What is theHarvester?

theHarvester is an open-source tool used for reconnaissance to gather emails, subdomains, IP addresses, and employee names from public sources. It is commonly used in cybersecurity for ethical hacking and penetration testing.


Purpose of theHarvester

  • To collect publicly available email addresses, subdomains, and other information from various search engines and services.
  • Useful for OSINT (Open Source Intelligence) in ethical hacking.

Syntax

theHarvester -d <target_domain> -b <data_sources>

Explanation of Parameters

  1. -d (Domain): Specifies the target domain for gathering information.

    • Example: example.com
    • -b (Data Sources): Defines the sources from which data will be fetched.
      Supported sources include:

    • shodan

    • crtsh
    • hackertarget
    • yahoo
    • duckduckgo
    • Many more…
    • Other Options:

    • -l: Limits the number of results to be fetched.

    • -f: Outputs the results to a file (e.g., HTML or JSON format).
    • -h: Displays help and usage information.

Basic Example

Command:

theHarvester -d example.com -b shodan

Description:

  • Collects emails, subdomains, and related information from Google for the domain example.com.

Advanced Example

Command:

theHarvester -d example.com -b shodan,linkedin,bing -l 100 -f results.html

Description:

  • -d example.com: Targets the domain example.com.
  • -b google,linkedin,bing: Uses Google, LinkedIn, and Bing as data sources.
  • -l 100: Limits the results to 100 entries per source.
  • -f results.html: Saves the output to an HTML file named results.html.

Common Use Cases

  1. Email Harvesting:

    • To collect email addresses for security testing or phishing simulations.
    • Example:

      theHarvester -d example.com -b shodan
      
  2. Subdomain Discovery:

    • Identifies subdomains of a target for further analysis.
    • Example:

      theHarvester -d example.com -b crtsh
      
  3. Employee Name Gathering:

    • Extracts employee names or contact information from sources like LinkedIn.
    • Example:

      theHarvester -d example.com -b linkedin
      

Output

The output typically includes:

  • Emails: user@example.com, admin@example.com
  • Subdomains: sub.example.com
  • IP Addresses: Associated IPs for the domain.
  • Other Information: Depending on the source, additional metadata may be included.

Best Practices

  1. Use Ethically: Always have permission before running theHarvester against a domain.
  2. Combine with Other Tools: Use theHarvester with tools like Nmap or dnsenum for more comprehensive reconnaissance.
  3. Limit Sources: Choose relevant sources to minimize irrelevant data.
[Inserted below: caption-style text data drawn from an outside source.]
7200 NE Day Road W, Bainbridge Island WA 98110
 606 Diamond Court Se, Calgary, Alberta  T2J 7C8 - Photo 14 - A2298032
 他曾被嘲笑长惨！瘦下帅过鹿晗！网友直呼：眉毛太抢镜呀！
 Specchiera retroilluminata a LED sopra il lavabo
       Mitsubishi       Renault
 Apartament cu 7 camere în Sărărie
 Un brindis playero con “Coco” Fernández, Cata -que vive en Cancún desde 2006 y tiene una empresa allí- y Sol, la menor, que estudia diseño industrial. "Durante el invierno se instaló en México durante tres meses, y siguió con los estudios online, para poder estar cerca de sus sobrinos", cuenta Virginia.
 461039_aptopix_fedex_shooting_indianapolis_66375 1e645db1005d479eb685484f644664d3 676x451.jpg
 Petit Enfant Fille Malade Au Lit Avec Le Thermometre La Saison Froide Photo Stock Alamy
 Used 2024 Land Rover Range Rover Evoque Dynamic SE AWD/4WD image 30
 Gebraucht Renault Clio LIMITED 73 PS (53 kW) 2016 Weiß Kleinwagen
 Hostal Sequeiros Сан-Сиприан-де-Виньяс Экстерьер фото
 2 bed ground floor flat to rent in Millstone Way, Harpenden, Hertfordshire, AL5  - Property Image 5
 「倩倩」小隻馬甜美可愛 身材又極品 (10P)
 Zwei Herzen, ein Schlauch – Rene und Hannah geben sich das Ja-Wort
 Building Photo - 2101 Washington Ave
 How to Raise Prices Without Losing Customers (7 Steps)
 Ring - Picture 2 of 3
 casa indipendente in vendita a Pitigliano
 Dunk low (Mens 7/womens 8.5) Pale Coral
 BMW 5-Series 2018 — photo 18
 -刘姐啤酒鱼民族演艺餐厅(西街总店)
Common Data Sources for theHarvester

  • Bing: Similar to Google but can return different results.
  • Shodan: Identifies exposed services and devices.
  • crtsh: Certificate Transparency logs for subdomains.
  • Yahoo: Similar to Google and Bing.
  • DuckDuckGo: Privacy-focused search engine.

Command to See All Supported Sources

theHarvester -h

Example Output

[-] Emails found:
    admin@example.com
    contact@example.com

[-] Hosts found:
    sub.example.com
    mail.example.com

[-] IPs found:
    192.168.1.1
    192.168.2.2

Important Notes

  • Ensure you comply with legal and ethical guidelines when using theHarvester.
  • Using LinkedIn and similar services may require additional authentication or APIs for advanced data collection.